3. The Juniper Tree (1990)

the-juniper-tree

It’s very likely that if you know this black-and-white medieval fantasy film at all it’s due to its famous Icelandic star, Björk, here making her feature debut. At the time the film was shot, Björk was only 20 years old (it was filmed in 1986, but as it was self-financed and languished in post-production for some time, was not released until 1990) and still fronting the Sugarcubes, her fame was still on the rise, not yet the international superstar she would soon become in her eclectic solo musical career.

Margrit (Björk) and her elder sister Katla (Bryndis Petra Bragadottir) are fleeing from the puritanical persecutors who burnt their mother at the stake for suspected witchcraft in this twisted fairy tale based loosely off the Brothers Grimm story of the same name. In the more than capable hands of the celebrated (though not nearly enough) late American filmmaker Nietzchka Keene, what follows is a both damning and dazzling evocation of medieval life.
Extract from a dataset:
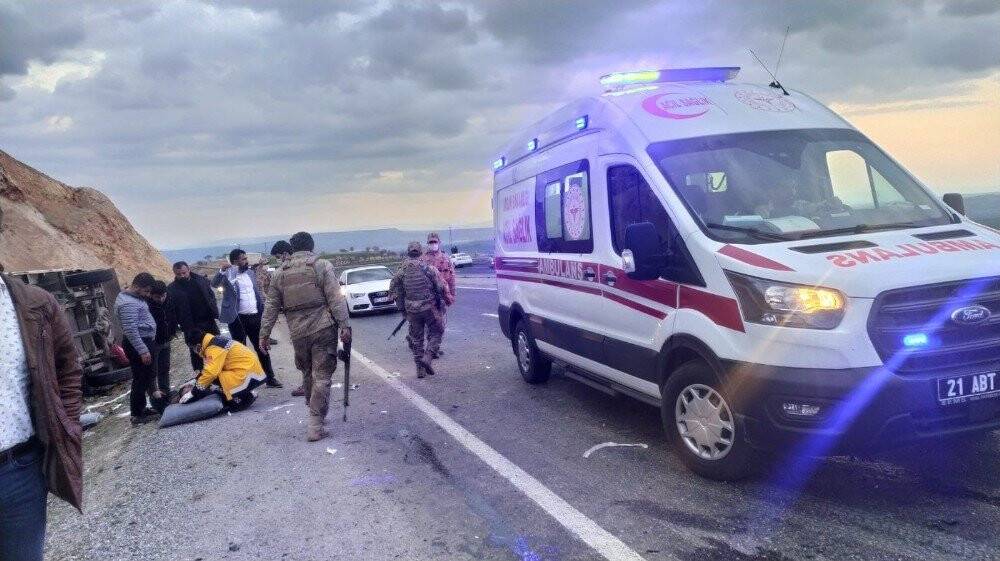 Diyarbakır’da feci kaza: 5 ölü, 4 yaralı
Keene and cinematographer Randy Sellars beautifully capture the ethereal landscapes of Iceland as they tell their troubling tale with brutality, intensity, and well-placed unease. Stunning dream sequences vie with the casual cruelty of medieval life as Margrit recoups and returns a little magic of her own in this feminist ghost story in the tradition of Andrei Tarkovsky, only in Keene’s quite singular vision. It’s a stunner.

 

2. I Married a Witch (1942)

I Married A Witch (1942)

The innovative and often overlooked French director René Clair (Man About Town) made this breezy comic delicacy in Hollywood with blonde bombshell Veronica Lake in the eponymous role for what would be an influential (it inspired the beloved TV series Bewitched), playful and profitable little film, the cheekily but all too accurately titled I Married a Witch.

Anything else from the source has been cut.